[ASSIGNMENT]
Nothing but the lines below between the line holding "Cutrone intervista" and the line holding "Contributi per pagare", inclusive, should appear in the answer, each set down exactly.

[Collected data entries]
.....

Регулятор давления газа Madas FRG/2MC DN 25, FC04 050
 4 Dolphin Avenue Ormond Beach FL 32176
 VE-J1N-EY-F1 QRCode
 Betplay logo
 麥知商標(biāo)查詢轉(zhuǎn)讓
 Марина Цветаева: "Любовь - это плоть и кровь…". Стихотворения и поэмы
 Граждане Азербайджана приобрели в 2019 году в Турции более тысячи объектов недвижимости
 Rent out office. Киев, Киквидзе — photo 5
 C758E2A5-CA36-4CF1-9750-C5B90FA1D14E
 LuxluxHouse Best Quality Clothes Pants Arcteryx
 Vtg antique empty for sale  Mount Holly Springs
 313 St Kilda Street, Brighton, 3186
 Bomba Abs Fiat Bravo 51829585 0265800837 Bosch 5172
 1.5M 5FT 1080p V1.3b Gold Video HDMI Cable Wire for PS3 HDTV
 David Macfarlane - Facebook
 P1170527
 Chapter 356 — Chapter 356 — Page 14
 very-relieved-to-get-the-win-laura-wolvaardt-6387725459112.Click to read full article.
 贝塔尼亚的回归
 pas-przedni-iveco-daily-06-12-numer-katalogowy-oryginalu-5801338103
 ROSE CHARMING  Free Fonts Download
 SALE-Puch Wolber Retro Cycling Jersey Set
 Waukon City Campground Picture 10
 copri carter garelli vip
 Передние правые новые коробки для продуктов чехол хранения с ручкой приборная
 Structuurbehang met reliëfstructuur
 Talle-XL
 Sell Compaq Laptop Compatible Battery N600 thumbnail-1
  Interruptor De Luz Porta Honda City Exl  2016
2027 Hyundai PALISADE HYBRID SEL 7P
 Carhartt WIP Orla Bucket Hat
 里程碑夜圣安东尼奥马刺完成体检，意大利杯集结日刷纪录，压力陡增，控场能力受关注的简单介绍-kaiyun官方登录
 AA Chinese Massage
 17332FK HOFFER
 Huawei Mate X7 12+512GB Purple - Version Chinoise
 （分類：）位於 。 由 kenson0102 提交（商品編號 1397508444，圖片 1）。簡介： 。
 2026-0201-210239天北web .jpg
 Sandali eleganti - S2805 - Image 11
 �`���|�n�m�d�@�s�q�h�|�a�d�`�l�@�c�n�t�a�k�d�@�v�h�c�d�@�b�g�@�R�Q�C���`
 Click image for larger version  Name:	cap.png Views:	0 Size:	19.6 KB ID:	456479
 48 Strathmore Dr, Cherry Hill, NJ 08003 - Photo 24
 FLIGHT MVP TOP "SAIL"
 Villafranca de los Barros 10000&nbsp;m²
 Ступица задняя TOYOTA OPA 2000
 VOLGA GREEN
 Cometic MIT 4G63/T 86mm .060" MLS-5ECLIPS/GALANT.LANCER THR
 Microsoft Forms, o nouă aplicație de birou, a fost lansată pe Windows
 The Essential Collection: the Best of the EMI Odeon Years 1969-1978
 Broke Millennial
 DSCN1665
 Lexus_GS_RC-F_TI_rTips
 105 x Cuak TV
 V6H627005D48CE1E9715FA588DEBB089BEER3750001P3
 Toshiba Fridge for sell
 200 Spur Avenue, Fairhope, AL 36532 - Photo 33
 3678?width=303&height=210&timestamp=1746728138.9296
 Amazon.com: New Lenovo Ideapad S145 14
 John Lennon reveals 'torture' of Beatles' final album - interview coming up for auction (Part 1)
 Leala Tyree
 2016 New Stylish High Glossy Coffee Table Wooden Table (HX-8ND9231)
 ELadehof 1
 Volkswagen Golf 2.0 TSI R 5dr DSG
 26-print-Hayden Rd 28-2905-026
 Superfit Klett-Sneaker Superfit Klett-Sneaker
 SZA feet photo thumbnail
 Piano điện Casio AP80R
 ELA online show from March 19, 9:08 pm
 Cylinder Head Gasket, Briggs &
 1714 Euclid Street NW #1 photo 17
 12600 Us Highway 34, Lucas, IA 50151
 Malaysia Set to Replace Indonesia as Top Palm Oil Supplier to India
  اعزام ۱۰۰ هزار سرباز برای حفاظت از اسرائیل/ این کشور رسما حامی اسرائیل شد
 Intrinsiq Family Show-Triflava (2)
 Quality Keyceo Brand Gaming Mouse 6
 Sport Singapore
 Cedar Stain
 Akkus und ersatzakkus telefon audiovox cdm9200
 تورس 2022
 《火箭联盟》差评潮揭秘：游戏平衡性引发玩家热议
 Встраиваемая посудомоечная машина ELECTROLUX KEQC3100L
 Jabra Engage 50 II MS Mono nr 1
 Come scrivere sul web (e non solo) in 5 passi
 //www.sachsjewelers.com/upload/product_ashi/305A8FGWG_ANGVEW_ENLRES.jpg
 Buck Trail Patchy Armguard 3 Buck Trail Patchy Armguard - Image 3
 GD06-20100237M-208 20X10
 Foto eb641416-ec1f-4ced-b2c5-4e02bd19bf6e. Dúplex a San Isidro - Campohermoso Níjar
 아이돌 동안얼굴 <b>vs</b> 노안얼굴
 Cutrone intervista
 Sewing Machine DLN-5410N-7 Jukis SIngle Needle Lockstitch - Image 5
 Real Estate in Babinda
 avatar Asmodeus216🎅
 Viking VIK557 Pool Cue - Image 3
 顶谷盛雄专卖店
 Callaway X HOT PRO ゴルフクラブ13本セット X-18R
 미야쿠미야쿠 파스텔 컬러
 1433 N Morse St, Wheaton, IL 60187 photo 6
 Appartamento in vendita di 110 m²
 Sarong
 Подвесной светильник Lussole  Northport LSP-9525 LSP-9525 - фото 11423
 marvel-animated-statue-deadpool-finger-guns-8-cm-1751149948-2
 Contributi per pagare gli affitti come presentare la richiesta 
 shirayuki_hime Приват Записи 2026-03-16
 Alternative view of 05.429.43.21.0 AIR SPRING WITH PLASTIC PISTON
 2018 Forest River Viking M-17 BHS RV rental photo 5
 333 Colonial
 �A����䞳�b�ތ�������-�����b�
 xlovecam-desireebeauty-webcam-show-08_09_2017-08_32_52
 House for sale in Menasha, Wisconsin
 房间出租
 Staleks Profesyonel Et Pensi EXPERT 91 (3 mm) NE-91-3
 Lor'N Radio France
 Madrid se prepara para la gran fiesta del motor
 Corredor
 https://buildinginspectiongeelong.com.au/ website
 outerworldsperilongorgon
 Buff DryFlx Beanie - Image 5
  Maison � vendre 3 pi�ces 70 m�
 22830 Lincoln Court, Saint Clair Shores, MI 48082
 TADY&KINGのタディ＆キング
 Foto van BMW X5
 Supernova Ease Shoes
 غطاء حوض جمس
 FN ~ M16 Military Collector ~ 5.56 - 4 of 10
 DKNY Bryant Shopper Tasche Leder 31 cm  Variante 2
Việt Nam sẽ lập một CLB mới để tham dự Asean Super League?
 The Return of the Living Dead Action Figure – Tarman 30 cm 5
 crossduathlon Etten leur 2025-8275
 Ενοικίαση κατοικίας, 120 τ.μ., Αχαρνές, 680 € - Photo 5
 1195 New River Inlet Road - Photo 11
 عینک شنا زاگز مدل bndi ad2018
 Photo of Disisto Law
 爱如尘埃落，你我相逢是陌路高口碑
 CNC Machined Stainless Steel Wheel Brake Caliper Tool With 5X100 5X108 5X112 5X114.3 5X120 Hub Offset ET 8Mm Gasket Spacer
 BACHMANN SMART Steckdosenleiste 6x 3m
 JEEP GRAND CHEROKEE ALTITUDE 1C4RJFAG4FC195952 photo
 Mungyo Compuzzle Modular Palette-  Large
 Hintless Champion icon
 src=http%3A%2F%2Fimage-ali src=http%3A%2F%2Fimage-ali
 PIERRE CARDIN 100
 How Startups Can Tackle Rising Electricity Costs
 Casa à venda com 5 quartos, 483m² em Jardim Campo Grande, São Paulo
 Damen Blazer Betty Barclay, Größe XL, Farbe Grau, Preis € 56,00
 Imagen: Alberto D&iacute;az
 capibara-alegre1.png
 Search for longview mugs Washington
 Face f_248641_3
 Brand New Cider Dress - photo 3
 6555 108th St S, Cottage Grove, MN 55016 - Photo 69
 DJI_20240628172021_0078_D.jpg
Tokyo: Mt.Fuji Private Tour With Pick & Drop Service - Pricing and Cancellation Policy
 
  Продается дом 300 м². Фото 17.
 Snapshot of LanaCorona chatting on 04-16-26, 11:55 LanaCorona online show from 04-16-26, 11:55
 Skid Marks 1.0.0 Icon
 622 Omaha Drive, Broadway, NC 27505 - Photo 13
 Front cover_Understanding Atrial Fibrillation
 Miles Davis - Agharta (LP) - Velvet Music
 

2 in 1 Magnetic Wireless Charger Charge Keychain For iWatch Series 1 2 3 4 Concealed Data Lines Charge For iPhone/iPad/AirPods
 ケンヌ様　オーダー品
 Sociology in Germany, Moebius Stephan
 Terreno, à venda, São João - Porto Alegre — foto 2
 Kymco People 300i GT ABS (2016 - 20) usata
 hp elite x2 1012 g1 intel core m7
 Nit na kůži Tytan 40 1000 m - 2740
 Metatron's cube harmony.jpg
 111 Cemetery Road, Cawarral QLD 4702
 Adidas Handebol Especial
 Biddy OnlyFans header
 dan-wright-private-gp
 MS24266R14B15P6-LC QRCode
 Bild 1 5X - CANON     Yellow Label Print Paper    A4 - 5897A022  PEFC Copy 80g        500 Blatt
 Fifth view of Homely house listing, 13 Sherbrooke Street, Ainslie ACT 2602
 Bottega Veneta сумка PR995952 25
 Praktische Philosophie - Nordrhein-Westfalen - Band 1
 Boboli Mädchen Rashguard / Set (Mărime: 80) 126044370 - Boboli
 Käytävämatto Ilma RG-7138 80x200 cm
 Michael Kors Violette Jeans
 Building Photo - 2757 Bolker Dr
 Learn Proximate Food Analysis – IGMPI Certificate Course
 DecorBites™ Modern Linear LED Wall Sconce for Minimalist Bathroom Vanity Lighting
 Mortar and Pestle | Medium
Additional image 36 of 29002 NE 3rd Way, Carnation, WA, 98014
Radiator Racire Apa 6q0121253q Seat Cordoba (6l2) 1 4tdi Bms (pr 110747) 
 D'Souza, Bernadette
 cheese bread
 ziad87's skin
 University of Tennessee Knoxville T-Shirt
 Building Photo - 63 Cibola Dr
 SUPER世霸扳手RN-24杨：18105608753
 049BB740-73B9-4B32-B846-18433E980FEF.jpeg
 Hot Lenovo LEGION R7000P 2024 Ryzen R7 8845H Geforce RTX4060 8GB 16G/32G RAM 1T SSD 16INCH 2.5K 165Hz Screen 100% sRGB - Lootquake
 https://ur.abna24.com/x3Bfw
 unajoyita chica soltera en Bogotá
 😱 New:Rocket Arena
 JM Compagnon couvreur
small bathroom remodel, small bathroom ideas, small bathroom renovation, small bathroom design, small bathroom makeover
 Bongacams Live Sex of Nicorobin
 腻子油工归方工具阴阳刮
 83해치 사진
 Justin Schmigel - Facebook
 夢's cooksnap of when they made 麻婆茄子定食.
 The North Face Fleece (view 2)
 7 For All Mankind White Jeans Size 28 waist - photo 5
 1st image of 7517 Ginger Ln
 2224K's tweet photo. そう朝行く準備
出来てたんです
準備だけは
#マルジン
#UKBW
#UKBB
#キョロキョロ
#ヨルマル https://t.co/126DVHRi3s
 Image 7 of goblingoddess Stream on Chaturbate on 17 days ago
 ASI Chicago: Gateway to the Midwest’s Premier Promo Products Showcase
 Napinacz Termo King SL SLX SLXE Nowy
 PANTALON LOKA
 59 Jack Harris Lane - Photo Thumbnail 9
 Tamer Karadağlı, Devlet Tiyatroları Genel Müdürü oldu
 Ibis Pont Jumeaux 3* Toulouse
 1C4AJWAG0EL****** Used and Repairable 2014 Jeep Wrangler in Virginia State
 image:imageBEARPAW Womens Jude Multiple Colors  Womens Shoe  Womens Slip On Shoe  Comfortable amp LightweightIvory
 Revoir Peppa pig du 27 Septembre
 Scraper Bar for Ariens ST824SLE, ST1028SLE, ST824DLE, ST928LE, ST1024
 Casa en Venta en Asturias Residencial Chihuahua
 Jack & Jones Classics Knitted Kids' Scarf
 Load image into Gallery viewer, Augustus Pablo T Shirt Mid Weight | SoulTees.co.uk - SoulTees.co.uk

.....

[ANSWER]
 Cutrone intervista
 Sewing Machine DLN-5410N-7 Jukis SIngle Needle Lockstitch - Image 5
 Real Estate in Babinda
 avatar Asmodeus216🎅
 Viking VIK557 Pool Cue - Image 3
 顶谷盛雄专卖店
 Callaway X HOT PRO ゴルフクラブ13本セット X-18R
 미야쿠미야쿠 파스텔 컬러
 1433 N Morse St, Wheaton, IL 60187 photo 6
 Appartamento in vendita di 110 m²
 Sarong
 Подвесной светильник Lussole  Northport LSP-9525 LSP-9525 - фото 11423
 marvel-animated-statue-deadpool-finger-guns-8-cm-1751149948-2
 Contributi per pagare gli affitti come presentare la richiesta 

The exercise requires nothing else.